I have such bad jet lag. Hit me really hard this time.image of laptop clock at 3am

Riding in Vietnam was mostly easy, but we still burned a lot of time figuring it out when we got there. This post is a how-to guide that summarizes what we learned.

Rules

  • Locals told us it’s legal to ride in Vietnam as long as you’re licensed in your home country and you have an International Driving Permit.
  • The fine for riding without a license is 800 thousand dong, and I think they can impound your bike.
  • Helmets are required and almost nobody rides without them, which means you’ll probably get stopped if you do.

Buying A Bike

my bike

  • Your best options are semi-automatics like the Honda Blade. These are what the Vietnamese ride.
  • Make sure you get the blue registration card. Without the card you’re pretty much riding a stolen bike. Seems to be ok if the name and address on it are for a Vietnamese (e.g. the shop you bough it from).
  • Watch out for Chinese copies of bikes. That cheap little Honda is probably not a Honda. The copies need their oil changed every day and have a reputation for breaking down a couple times a week.

Routes

  • It’s worth a few hundred thousand dong to buy a local sim card so you can use Google maps.
  • Maps.me has pretty good offline maps for those mountains where you can’t get data.
  • Google maps consistently estimated half the time we actually needed. It took us:
    • Around nine hours to get from Ho Chi Minh to Bao Loc, split among two days.
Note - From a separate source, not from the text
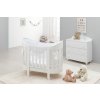 5 dielna súprava do detskej postieľky Ovale Happy Family biela nunobaby.sk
Getting out of HCMC was rough.
    • Seven hours from Bao Loc to Da Lat.
    • Six hours Da Lat to Nha Trang.
    • Half hour from Da Nang to the top of the Hai Van Pass.
  • There are a few cars-only highways, and they really are cars-only. We ended up on one and the locals were surprised we weren’t stopped by the police. On Google Maps these are orange, and regular highways are yellow.

Gear And Weather

  • Bring a poncho. These are what the Vietnamese use, and you really need one. That layer of plastic can change a ride from hellish to not so bad.
  • Make sure you have a visor for your helmet. It doesn’t have to cover your face, just deflect rain and hail when you tilt your head down. Without one, I literally had hail in my eyes.
  • Bring a rain cover for your bag and leave it on. Downpours come suddenly.
  • If I go again I won’t bring a riding jacket. It was a pain to carry around and the heat combined with low speed meant I often felt more likely to crash overheating in the thing than staying cool and focused.

Traffic

  • Keep loose and focus on flowing through the madness and it’s easy.
  • There is a lot of honking but it’s not road rage.
  • Keep constant track of what’s coming up behind you. Busses, trucks, and cars often pass when there really isn’t enough space.
  • Assume busses will hit you. The drivers are madmen.

Parking

  • Pretty much everywhere has a security guard that watches the bikes.
  • Pay the security guard when you leave, not when you park.
  • Leave the handle bars unlocked. The guard will move bikes around as people come and go. If you lock the bars they’ll just knock over your bike.
  • Don’t leave your helmet or anything else with the bike. It’ll walk away.
  • Hotels should either watch the bikes overnight or bring them inside. Make sure you ask.
  • We brought cable locks but never used them.

Flats And Maintenance

  • Always ask for the price before you let anyone start working. Otherwise you’ll likely end up with a much larger bill than you should.
  • Patching a flat should cost around 10 or 20 thousand dong. I got a new tube once and I think that cost about 100 thousand.
  • There are lots of folks who can help you with flats. We had two flats in remote spots and still ended up with patches that held.
  • When getting a flat fixed, they’ll probably leave the wheel on. That’s the best option unless you’re at a dealership. Roadside places probably don’t have real mechanics or the right size tubes.
  • The bigger the shop, the better.
  • If you have a Honda, legit dealerships are easy to recognize. They wear white uniforms and work in a bit, spotlessly red and white building. Don’t have work done anywhere else unless you have no choice.
  • Honda’s will probably have a maintenance booklet (I had one but I don’t actually know if you always get one or it was an optional extra). It’ll get you a bunch of work for free.

Shipping

You can put bikes on trains and busses, but I only personally used a train.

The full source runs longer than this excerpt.